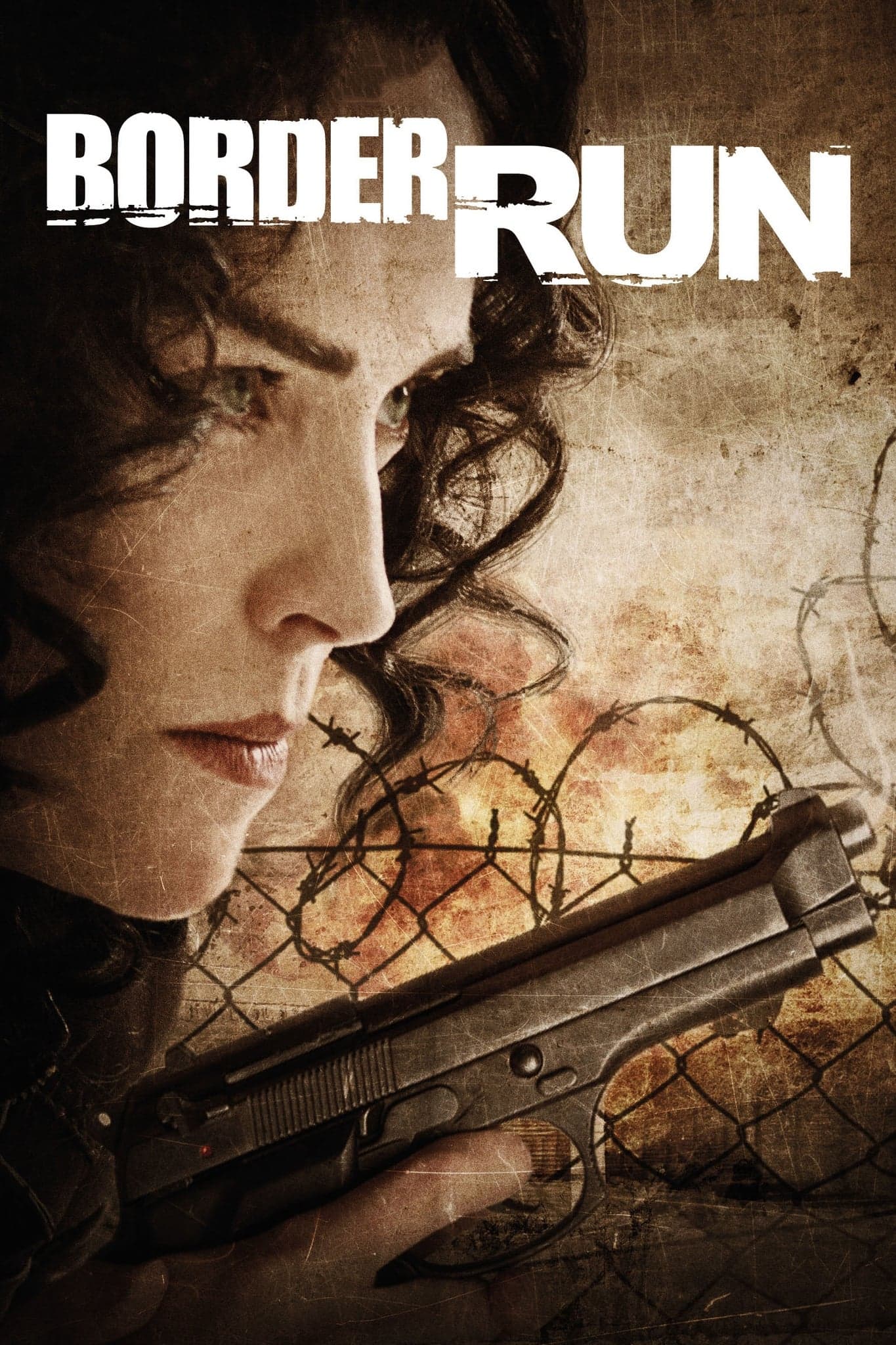 Border Run full movie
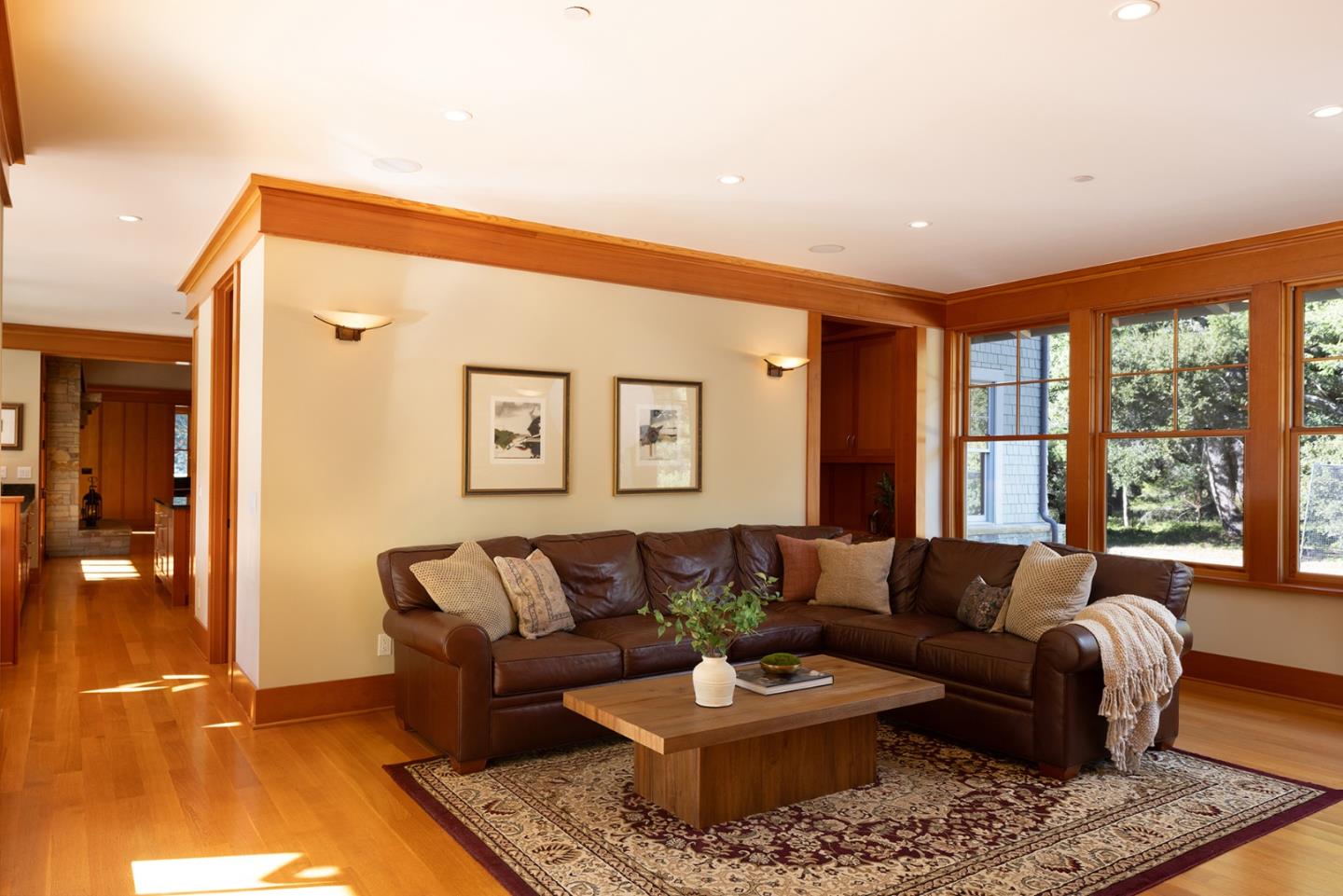 Detail Gallery Image 17 of 49 For 420 Bonnie Brae, Santa Cruz,  CA 95060 - 5 Beds | 4/1 Baths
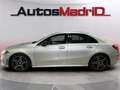 Mercedes-Benz A 180 Sedán d Gris - thumbnail 2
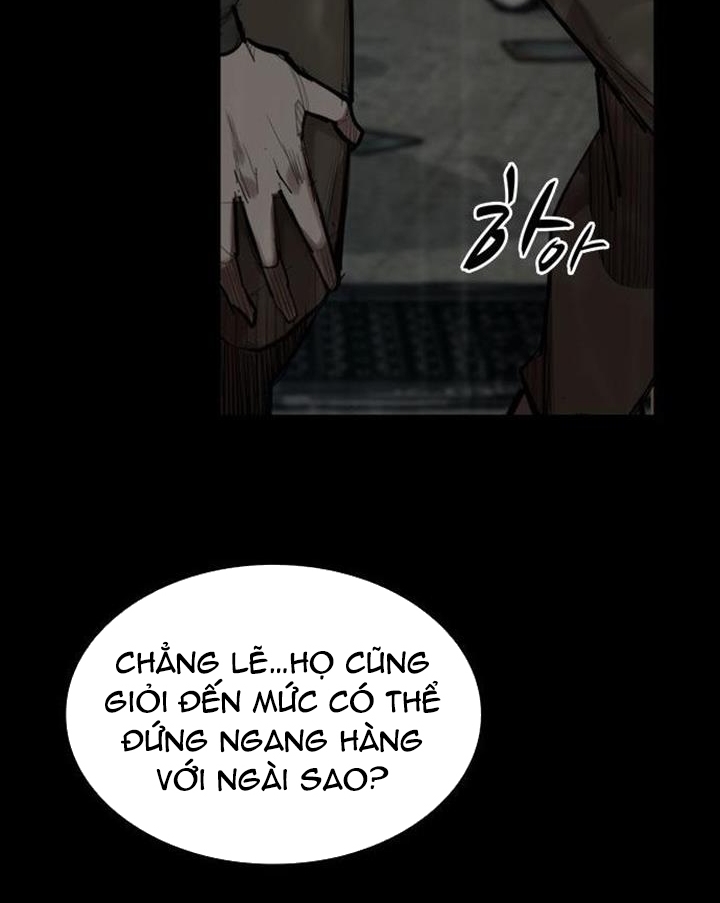 Đọc truyện Đất nước của mặt trăng đỏ - Chap 4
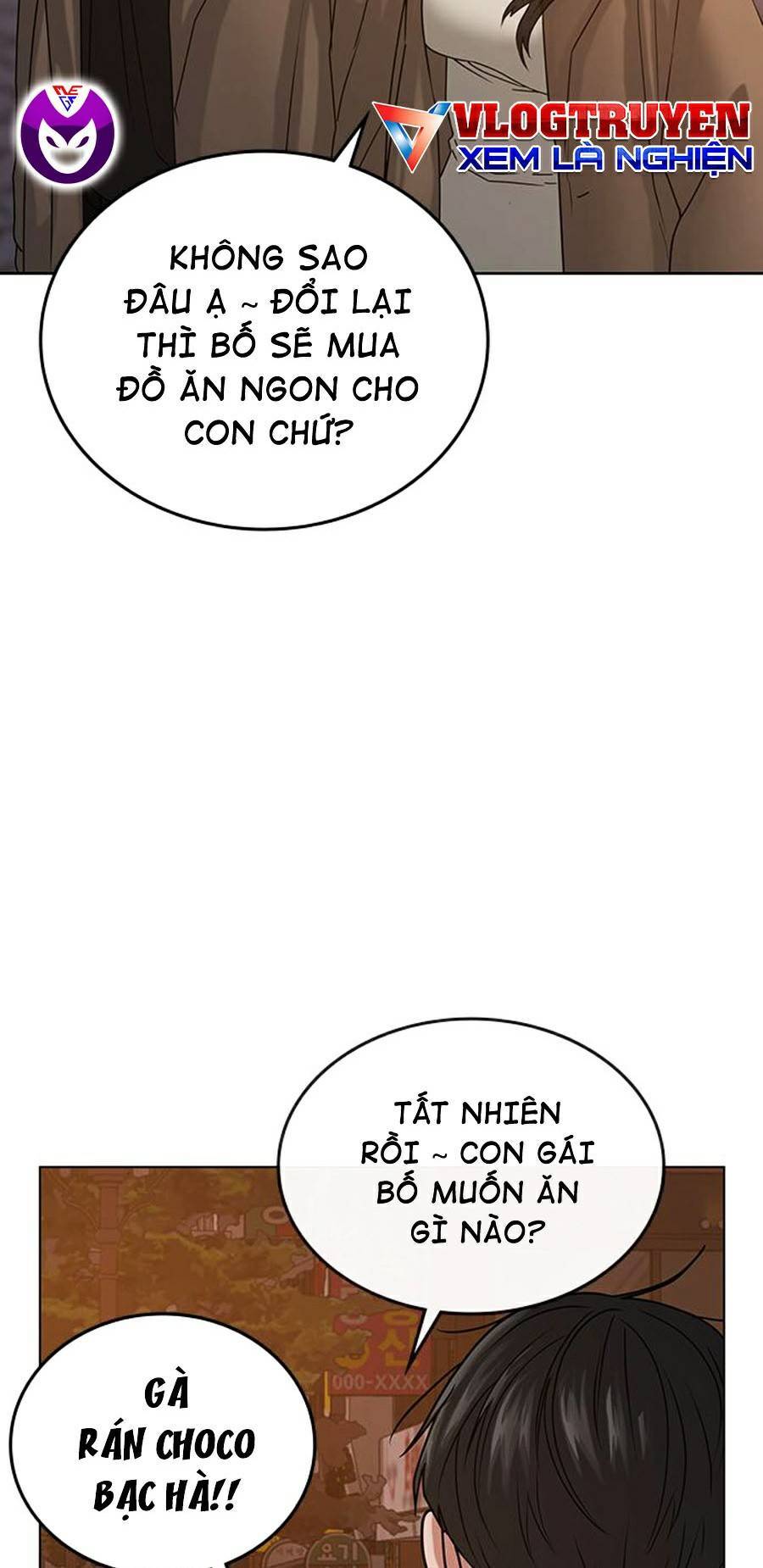 Nhiệm Vụ Đời Thật - Chương 19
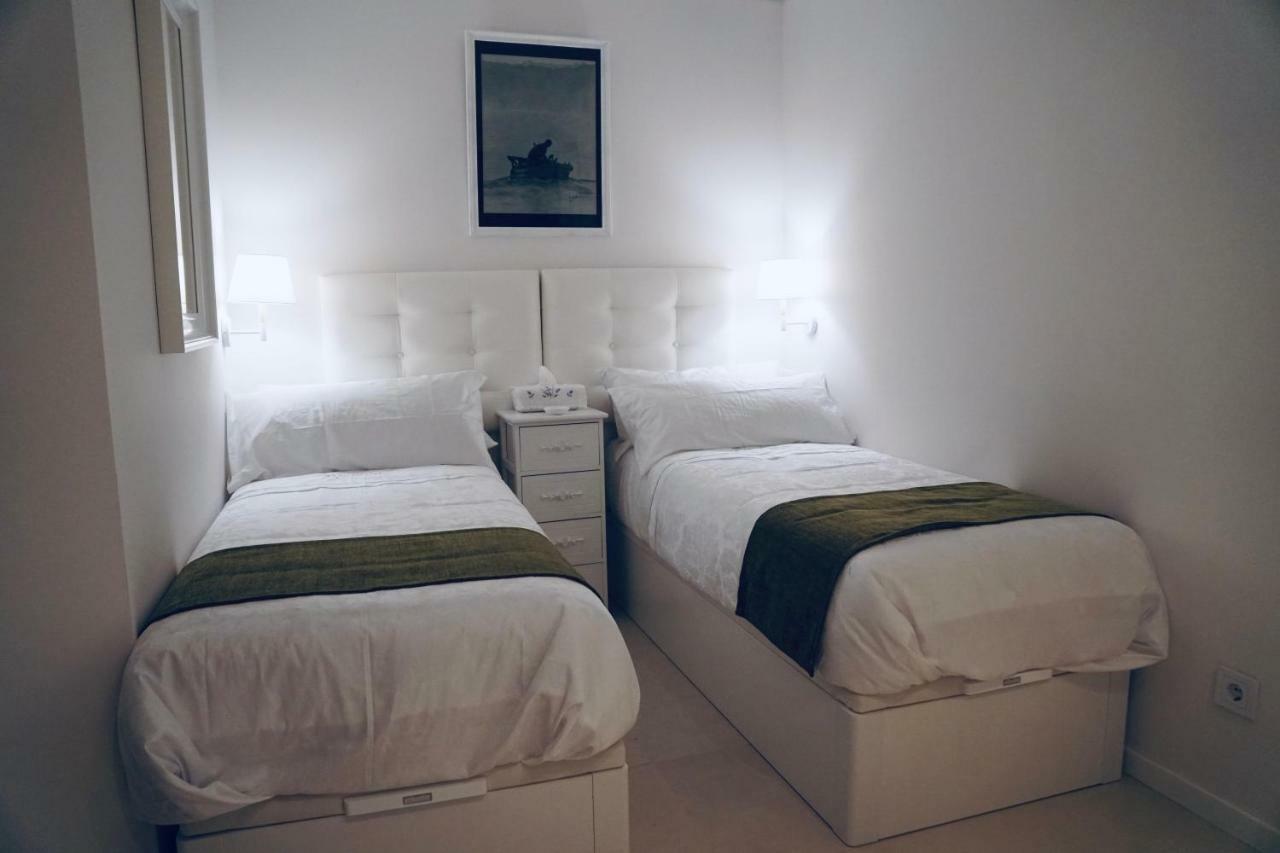 Hotell Marton Turismo De Interior (adults Only) 3*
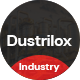 Dustrilox – Factory & Industrial React Next js Template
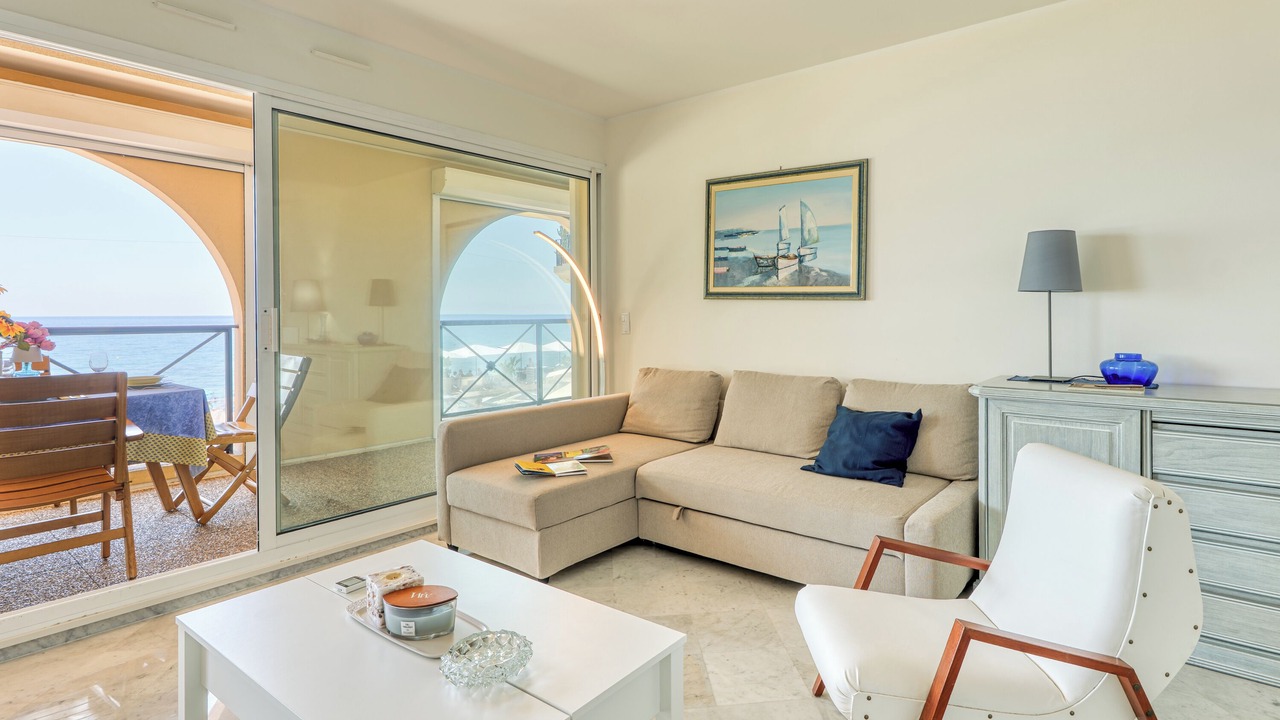 Photo of Livingroom in Old Town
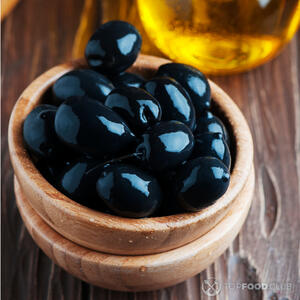 Подготовить маслины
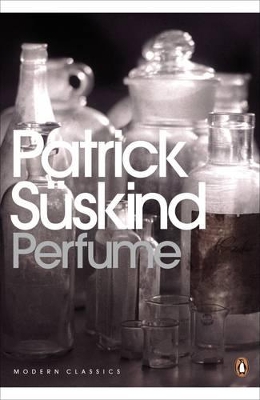 Perfume: the Story of a Murderer book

**Problem details**
Set each line of the records down exactly, leaving every picture out.

**Exercise answer**
 Border Run full movie
 Detail Gallery Image 17 of 49 For 420 Bonnie Brae, Santa Cruz,  CA 95060 - 5 Beds | 4/1 Baths
 Mercedes-Benz A 180 Sedán d Gris - thumbnail 2
 Đọc truyện Đất nước của mặt trăng đỏ - Chap 4
 Nhiệm Vụ Đời Thật - Chương 19
 Hotell Marton Turismo De Interior (adults Only) 3*
 Dustrilox – Factory & Industrial React Next js Template
 Photo of Livingroom in Old Town
 Подготовить маслины
 Perfume: the Story of a Murderer book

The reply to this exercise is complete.